Die Daten konnten einfach nicht stimmen. David Trinidad, Freizeitsportler aus New York, war sich sicher: Die hohe Herzfrequenz, die das Fitbit-Armband seiner Frau Ivonne verzeichnete, musste an einem Defekt der Technik liegen. Im Internetportal Reddit bat er daher Anfang Februar andere Nutzer um Rat – und bekam einen unerwarteten Tipp: Ob Ivonne womöglich schwanger sei, fragte ein Onliner. Das Paar machte einen Schwangerschaftstest, und vor wenigen Tagen bestätigte David: „Ich werde Vater.“
Daten sammeln – und sie verstehen. Das ist die große Herausforderung vor der die rasant wachsende Zahl an Menschen steht, die mithilfe moderner Fitnesstracker täglich ihre Schritte zählt, die Schlafphasen bestimmt oder die Herzfrequenz aufzeichnet. „Es fehlt den Menschen die Sachkenntnis, um die Daten auch sinnvoll zu interpretieren“, sagt Ingo Froböse, Sportwissenschaftler an der Deutschen Sporthochschule Köln.
„Es genügt nicht mehr, nur Messwerte zu erfassen“, ist auch Dan Bartel klar, der beim US-Konzern Garmin den globalen Vertrieb von Fitnesstrackern verantwortet. Seine Entwickler-Kollegen versuchen nun aus dem Wust an Messwerten Aussagen abzuleiten, wie es um Fitness und Gesundheit der Nutzer bestellt ist. Um ihnen dann Vorschläge fürs Training zu machen, damit sie den nächsten Marathon noch schneller laufen, Herz und Kreislauf stärken oder erfolgreich abnehmen.





Für die Hersteller ist das eine Chance: Statt nur Hardware zu verkaufen, können sie sich durch eine clevere Analyse der Messdaten von der Konkurrenz absetzen. Vor allem seit der Markt von Fitnessprotokollanten fürs Handgelenk geradezu überschwemmt wird. Wurden 2014 weltweit etwa 25 Millionen sogenannte Wearables verkauft, davon alleine 22 Millionen Fitnesssensoren fürs Handgelenk, waren es 2015 schon 72 Millionen Fitnesstracker.

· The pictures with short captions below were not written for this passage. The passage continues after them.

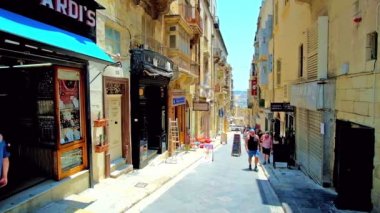 Valletta, Malta - 19 Haziran 2018: Çok sayıda mağazaları, sanat galerileri, küçük kafeler ve barlar üzerinde Haziran 19 Valletta başpiskoposlar street, ziyaret turist çekmek.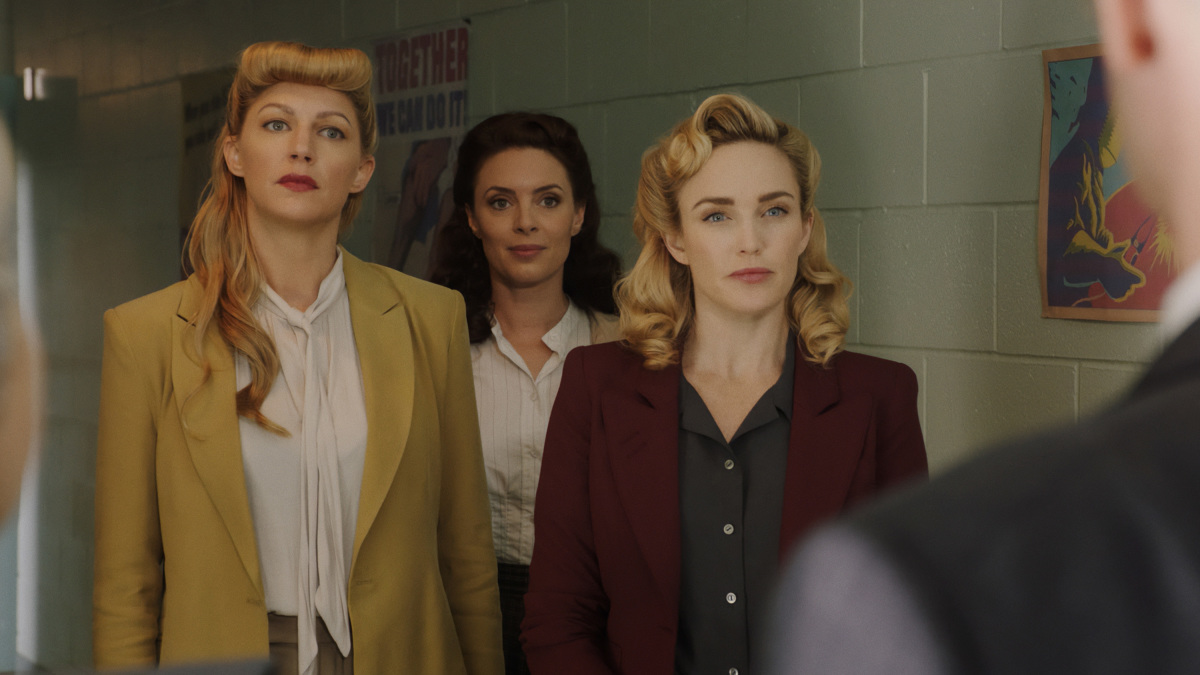 Legends of Tomorrow -- "A Woman's Place is in the War Effort" -- Image Number: LGN707b_0014r.jpg -- Pictured (L-R): Jes Macallan as Ava, Amy Pemberton as Gideon and Caity Lotz as Sara -- Photo: The CW -- 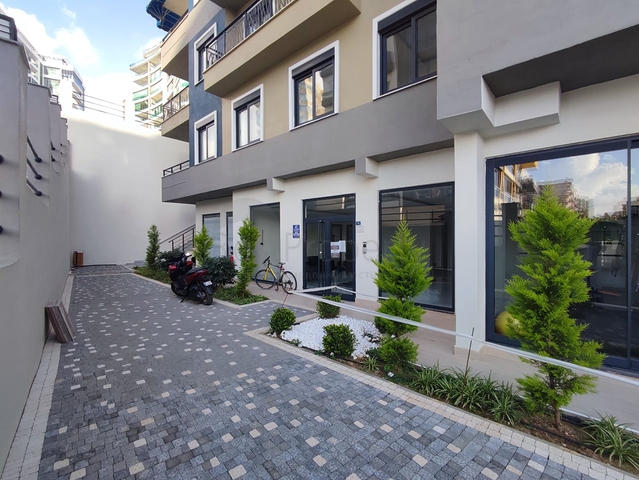 1+1 apartment with furniture and appliances in Mahmutlar district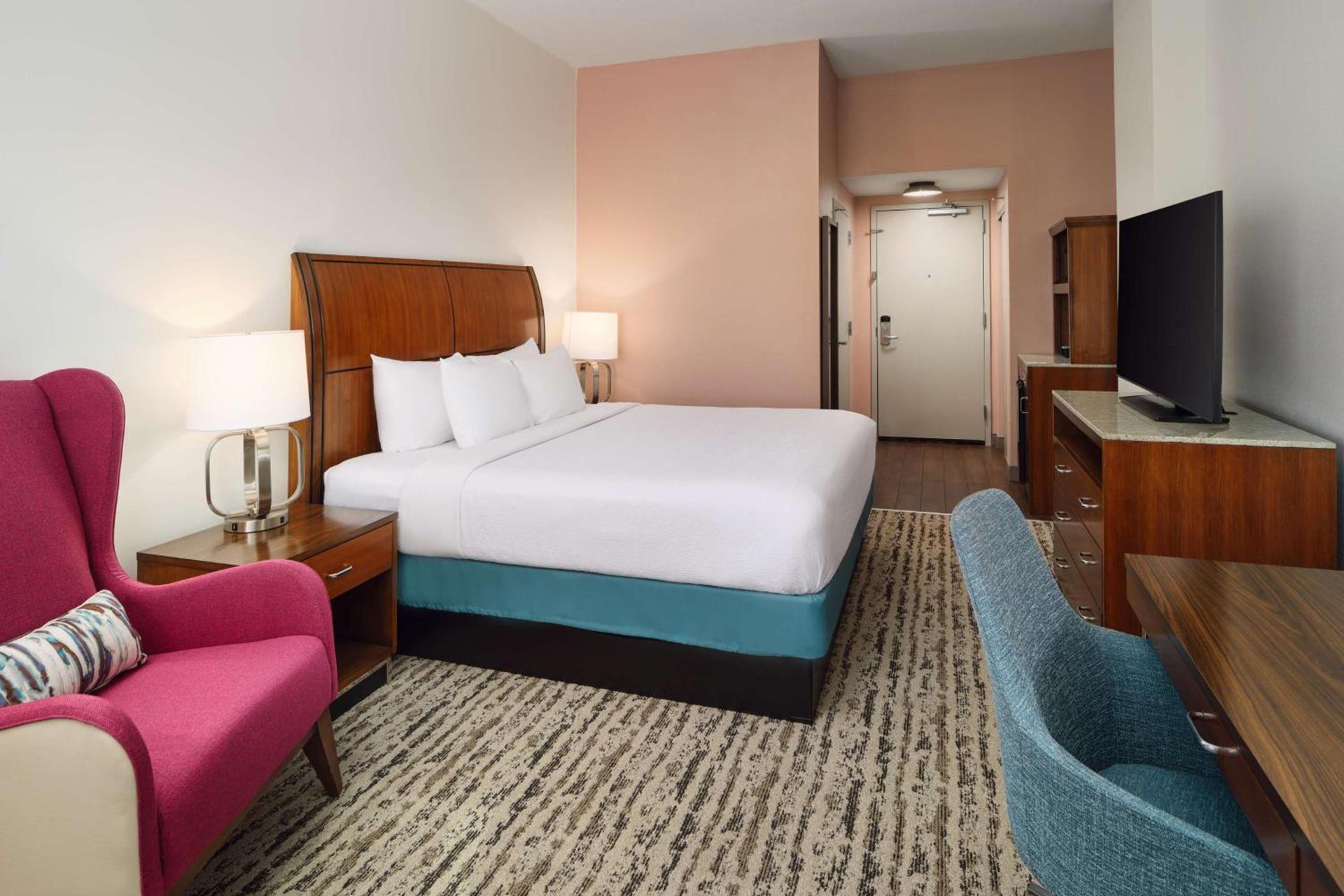 Hilton Garden Inn Atlanta Midtown photo 13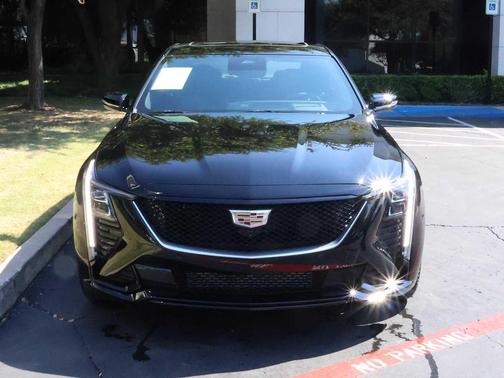 2025 Cadillac CT5 Sport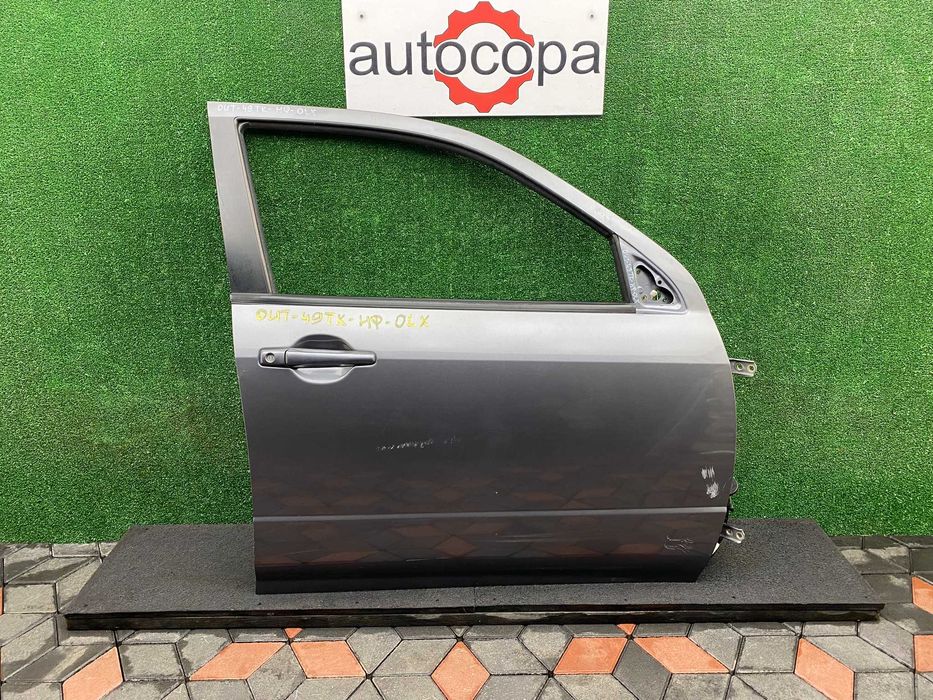 Дверка передня права Mitsubishi Outlander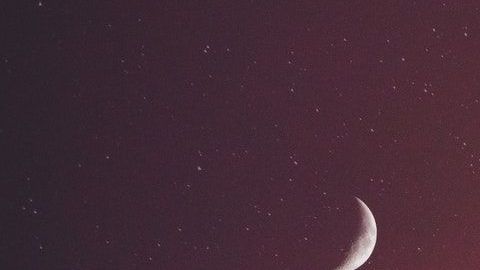 La luna influye en nuestro comportamiento.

Selbstvermessung wird zum Lifestyle
Fürs laufende Jahr rechnen die US-Marktforscher von IDC sogar mit mehr als 100 Millionen. Klassische Uhrenhersteller wie Fossil oder Casio beschleunigen diesen Trend noch und bringen inzwischen selbst Uhren mit Fitnesssensoren auf den Markt. Und auch die Apple Watch, die seit vergangenem Jahr erhältlich ist, hat mit der integrierten Pulsmessung sowie Software zum Protokollieren von Höhendifferenzen Selbstvermessung zum Lifestyleprodukt gemacht.




Alles zusammen ermöglicht heute Menschen, ihre Bewegungen so genau zu protokollieren, wie es vor wenigen Jahren allenfalls ambitioniertere Hobbysportler oder Profis taten.
Vor allem die Generation der Millennials, geboren zwischen 1980 und 2000, nutzt die Chronisten der täglichen Bewegung längst mit der gleichen Selbstverständlichkeit wie ihr Smartphone: „Viele aus dieser Gruppe neigen weniger dazu, sich gehen zu lassen, um dann wieder eine Diät zu machen, sondern leben konstant aktiv und gesund“, sagt Matt Powell, Analyst beim US-Marktforscher NPD Group.